Hélène plia lentement la lettre. Tout en la déchiffrant, elle avait levé deux ou trois fois la tête, pour jeter un coup d'oeil sur le soldat. Il était toujours collé contre le mur, et ses lèvres remuaient, il paraissait appuyer chaque phrase d'un léger mouvement du menton; sans doute il savait la lettre par coeur.
– Alors, c'est vous qui êtes Zéphyrin Lacour? dit-elle.
Il se mit à rire, il branla le cou.
– Entrez, mon ami; ne restez pas là.
Il se décida à la suivre, mais il se tint debout près de la porte, pendant qu'Hélène s'asseyait. Elle l'avait mal vu, dans l'ombre de l'antichambre. Il devait avoir juste la taille de Rosalie; un centimètre de moins, et il était réformé. Les cheveux roux, tondus très-ras, sans un poil de barbe, il avait une face toute ronde, couverte de son, percée de deux yeux minces comme des trous de vrille. Sa capote neuve, trop grande pour lui, l'arrondissait encore; et les jambes écartées dans son pantalon rouge, pendant qu'il balançait devant lui son képi à large visière, il était drôle et attendrissant, avec sa rondeur de petit bonhomme bêta, sentant le labour sous l'uniforme.
Hélène voulut l'interroger, obtenir quelques renseignements.
– Vous avez quitté la Beauce il y a huit jours?
– Qui, madame.
– Et vous voilà à Paris. Vous n'en êtes pas fâché?
– Non, madame.
Il s'enhardissait, il regardait dans la chambre, très impressionné par les tentures de velours bleu.
– Rosalie n'est pas là, reprit Hélène; mais elle va rentrer… Sa tante m'apprend que vous êtes son bon ami.

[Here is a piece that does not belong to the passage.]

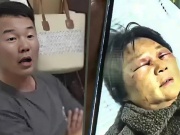 Con dâu hành hung mẹ chồng gãy xương sườn vì không chăm cháu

Le petit soldat ne répondit pas; il baissa la tête, en riant d'un air gauche, et se remit à gratter le tapis du bout de son pied.

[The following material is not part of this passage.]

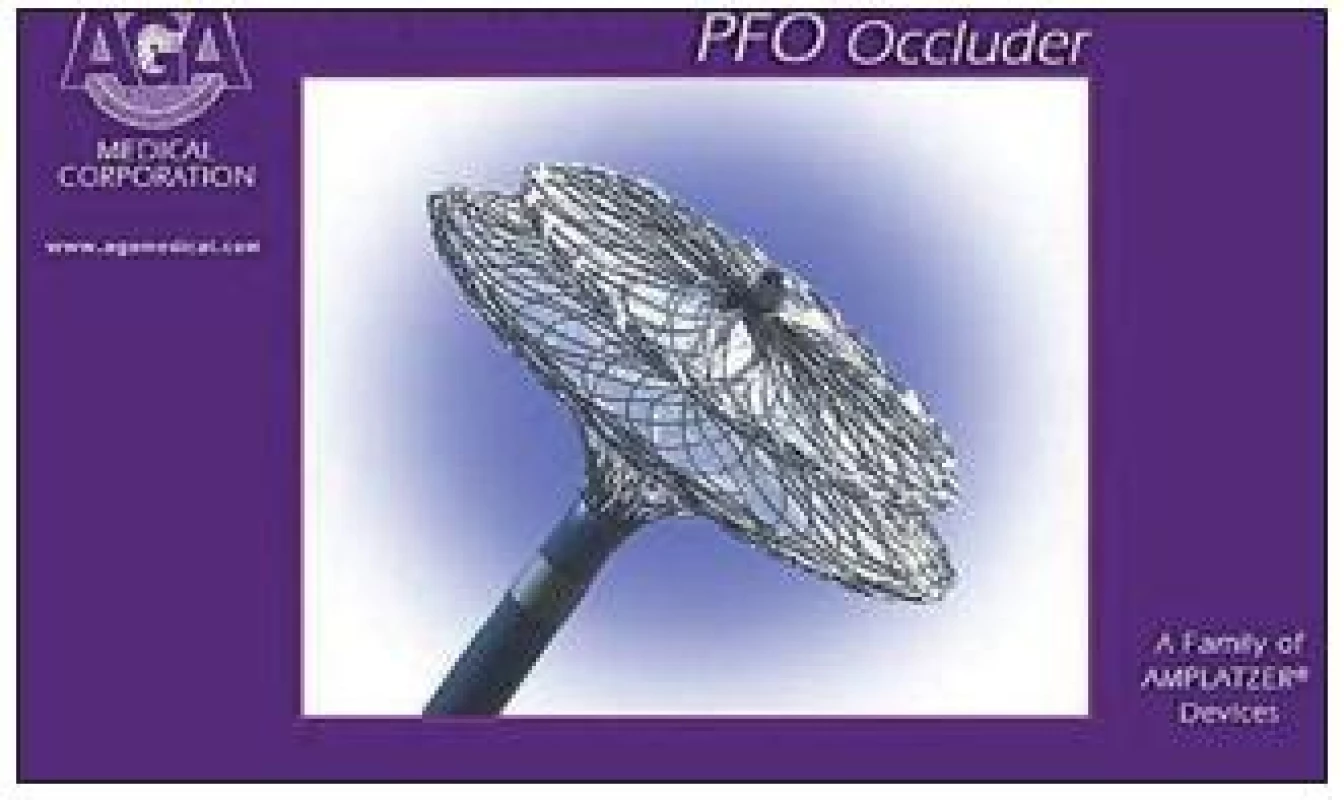 Amplatzův occluder k uzávěru foramen ovale patens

– Alors, vous devez l'épouser, quand vous sortirez du service? continua la jeune femme.
– Bien sûr, dit-il en devenant très-rouge, bien sûr, c'est juré…
Et, gagné par l'air bienveillant de la dame, tournant son képi entre ses doigts, il se décida à parler.

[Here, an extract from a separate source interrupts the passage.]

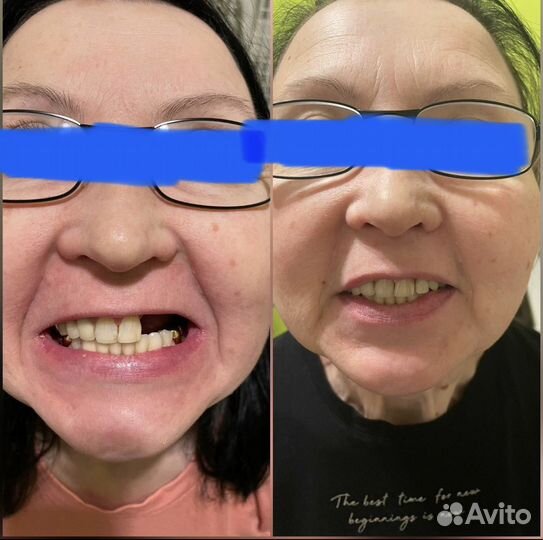 Зубные протезы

– Oh! il y a beau temps… Quand nous étions tout petiots, nous allions à la maraude ensemble. Nous avons joliment reçu des coups de gaule; pour ça, c'est bien vrai… Il faut vous dire que les Lacour et les Pichon demeuraient dans la même traverse, côte à côte. Alors, n'est-ce pas? la Rosalie et moi, nous avons été élevés quasiment à la même écuelle… Puis, tout son monde est mort. Sa tante Marguerite lui a donné la soupe. Mais elle, la mâtine, elle avait déjà des bras du tonnerre…
Il s'arrêta, sentant qu'il s'enflammait, et il demanda d'une voix hésitante:
– Peut-être bien qu'elle vous a conté tout ça?
– Oui, mais dites toujours, répondit Hélène qu'il amusait.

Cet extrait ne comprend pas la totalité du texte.